**Task prompt**
Leaving out all pictures, copy the lines below exactly, from the line with "Taking a look" to the last line, both ends included.

**Recorded information**
========
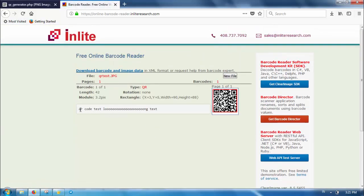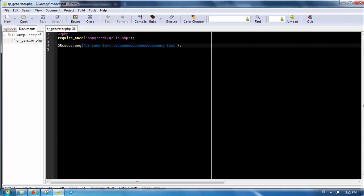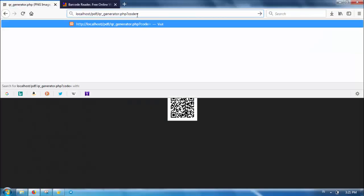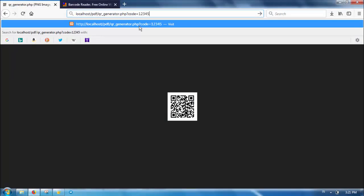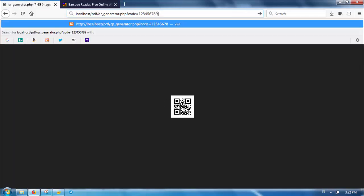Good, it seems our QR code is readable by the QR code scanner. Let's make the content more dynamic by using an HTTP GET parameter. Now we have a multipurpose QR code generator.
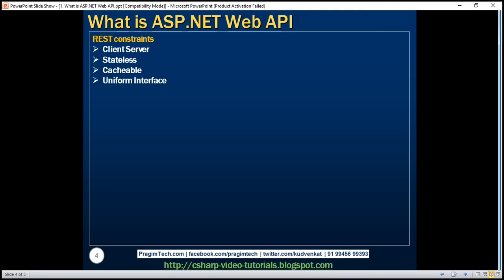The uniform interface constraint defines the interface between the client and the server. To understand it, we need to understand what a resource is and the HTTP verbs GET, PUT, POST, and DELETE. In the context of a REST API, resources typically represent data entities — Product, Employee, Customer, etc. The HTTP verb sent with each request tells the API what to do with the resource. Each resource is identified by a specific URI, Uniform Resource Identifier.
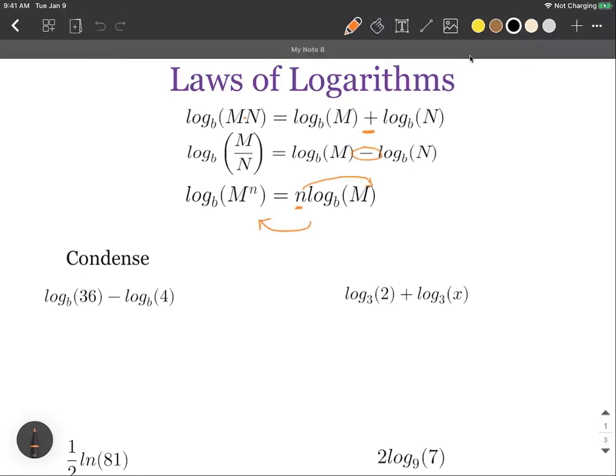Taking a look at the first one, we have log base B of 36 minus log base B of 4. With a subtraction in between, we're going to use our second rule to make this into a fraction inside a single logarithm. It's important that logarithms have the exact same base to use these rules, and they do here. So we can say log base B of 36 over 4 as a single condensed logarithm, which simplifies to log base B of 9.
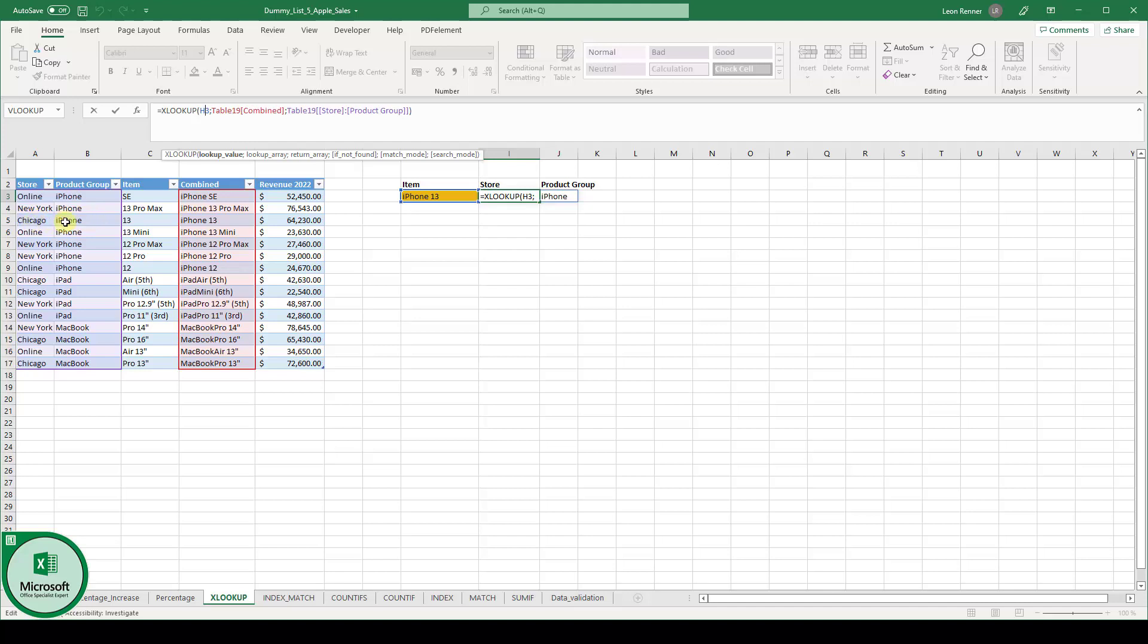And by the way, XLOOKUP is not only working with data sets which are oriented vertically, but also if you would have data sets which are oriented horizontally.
========
**Output for this exercise**
Taking a look at the first one, we have log base B of 36 minus log base B of 4. With a subtraction in between, we're going to use our second rule to make this into a fraction inside a single logarithm. It's important that logarithms have the exact same base to use these rules, and they do here. So we can say log base B of 36 over 4 as a single condensed logarithm, which simplifies to log base B of 9.
And by the way, XLOOKUP is not only working with data sets which are oriented vertically, but also if you would have data sets which are oriented horizontally.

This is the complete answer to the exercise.